I originally posted this back in February of 2014, but have recently added a bunch of items to it, and, also inspired by John McWhorter's recent article on the subtle difficulties of Shakespeare, am reposting it today.
A while back, I had my daughter translate into modern English a text that included passages like these:
There Beowulf faced Grendel’s mother, wolf-of-the-deep, mere-wife monstrous. His good blade he swung for a blow. On her head sang its war-song wild; but useless was sword against charms of the she-one.
He cast it aside, and trusted once more to his hand-grip. With grisly grasp Grendel’s mother grappled with Beowulf, till spent with the struggle, the fighter on foot, strongest of warriors, stumbled. The water-wife hurled herself on him; her dagger drew, broad and bright-edged. So had life ended for Beowulf, had not Holy God, the Wise Lord, held sway over the victory, awarding it aright.These florid archaisms come from the From The Tower Window volume of My Book House, a series for children edited back in the 1920s by Olive Beaupré Miller.
I first encountered this series a few years ago when my parents were downsizing, and I suddenly found myself sorting through my father’s books from childhood. Chock full of folktales, fairy tales, classic tales, poetry, and history, the My Book House books struck me as Core Knowledge Incarnate. In other words, perfect for home school.

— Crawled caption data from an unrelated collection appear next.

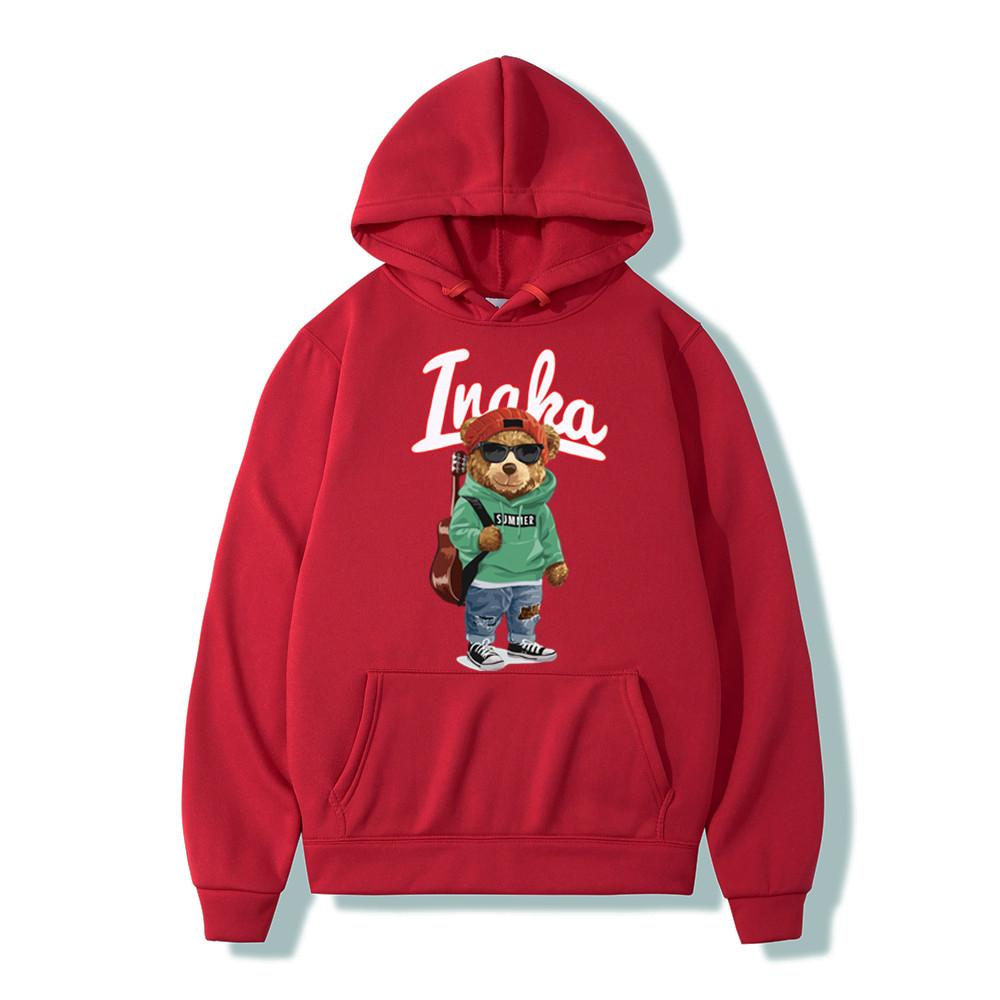 Herren Hoodies Hip Hop Inaka Power Toy Bear Print Fleece Hoody Sweatshirt Frauen Harajuku Pullover Streetwear Hoodie Unisex Kleidung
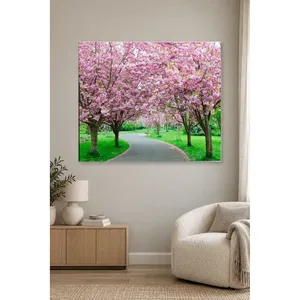 Impression sur toile d'arbres de cerisier et de sentiers enroulés dans le parc Fida - Product Image 3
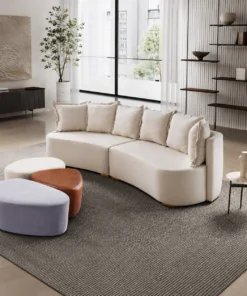 Sofá Orgânico Madero em Linho ou Corino 6 Lugares 298cm Luxury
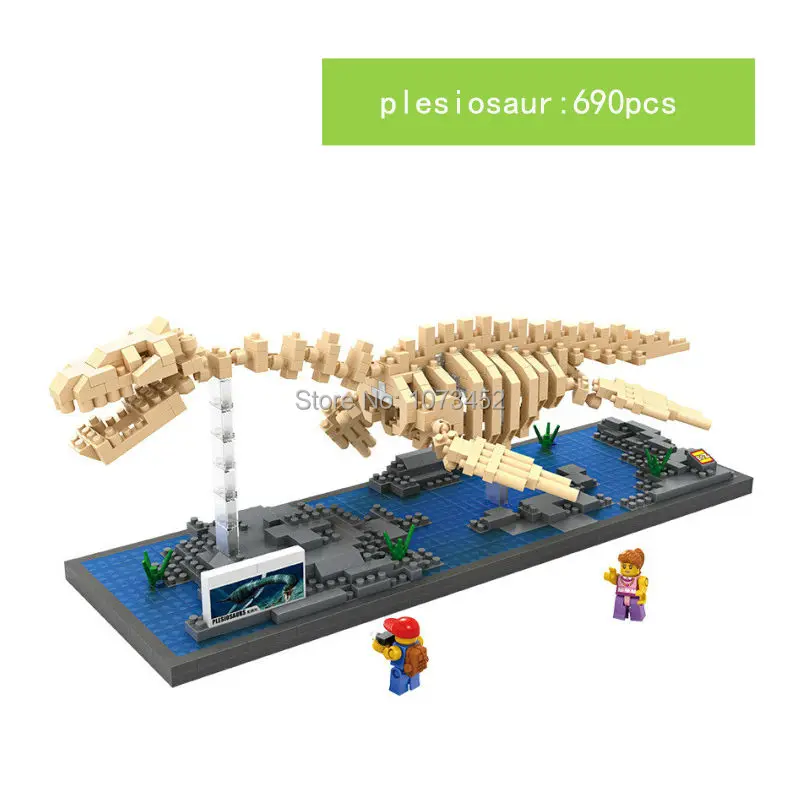 

Plesiosaur fossil model with figures loz diamond building blocks creator series  building bricks brinquedos toys for ages6+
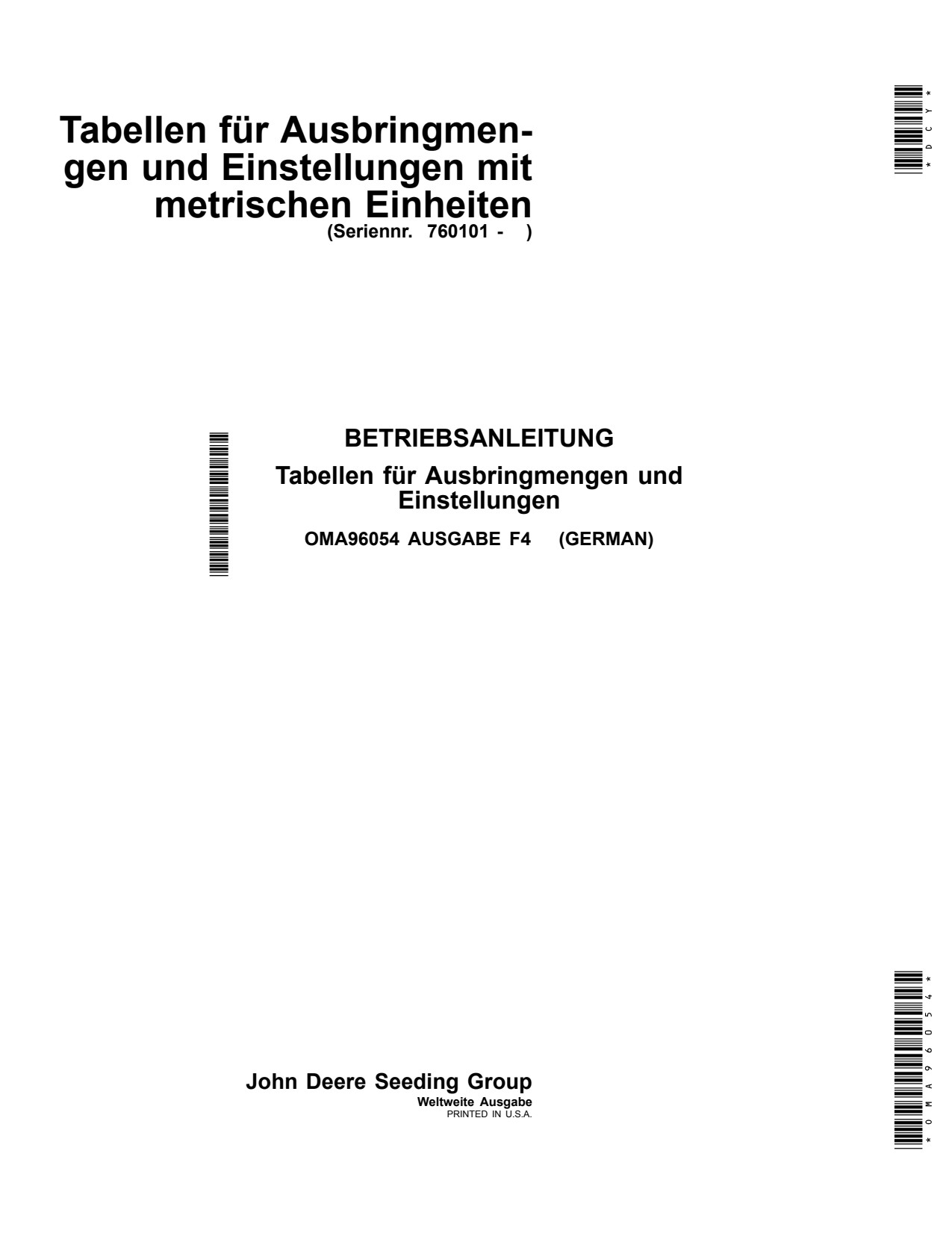 John Deere 1705 to 1735 1755 1765 1765NT 1775 12 Row 1775NT 16 24 1785 1795 Planter Operator Manual OMA96054 DE 1 John Deere 1705 to 1735 1755 1765 1765NT 1775 12 Row 1775NT 16 24 1785 1795 Planter Operator Manual OMA96054 DE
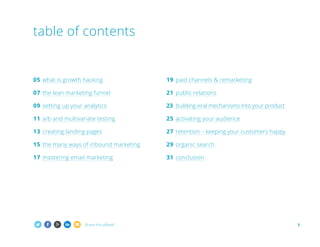 table of contents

Then, when I looked beyond the tables of contents to those florid archaisms, I saw another pedagogical plus. However over-the-top the prose can be, it provides an exercise in close reading that my daughter was getting nowhere else. You can’t just skim through this stuff and snatch up a few key phrases; you really have to work to extract the full meaning.
Increasingly, indeed, old-fashioned English—whether actual or concocted—is like a foreign language to K12 students. Their reading assignments are increasingly contemporary and “relevant”—or accompanied by modern, “no-fear” translations. And their spare time goes increasingly to extracurriculars and to screen-based media rather than to 19th century Victorian novels and performances of Twelfth Night. Overall, one finds ever fewer archaisms in the books on desks and bedside tables, and one hears ever fewer of them (as memorized verses and adages) from the mouths of elders. The cycle, set in motion at least a generation ago, continues.
And so there are a whole host of features of older English that kids simply haven’t encountered, from the syntactic inversions (“On her head sang its war-song wild”) and appositive-heavy complexity (“till spent with the struggle, the fighter on foot, strongest of warriors, stumbled”), to the sometimes subtle differences in vocabulary (“mere-wife” doesn’t mean “mere wife”!).
Mindful of what kids are no longer picking up on their own, I’ve been compiling a list of archaisms. Here are a few:
1. Inversions: frequent inversion of subject and verb; adjectives sometimes placed after the nouns they modify (“On her head sang its war-song wild”).
2. Extraposition of nonrestrictive relative clauses. (From the Jungle Book: “My lair is empty that was full when this moon was new”; from Wolfert Webber by Washington Irving: "He must have a tug with the devil who gets it.")
3. Conditionals and auxiliary:
a. “had” for “would have” (“So had life ended for Beowulf”; "It had been easier for him, had he…"); "were" for "would be" ("So were his fortunes over, had not …").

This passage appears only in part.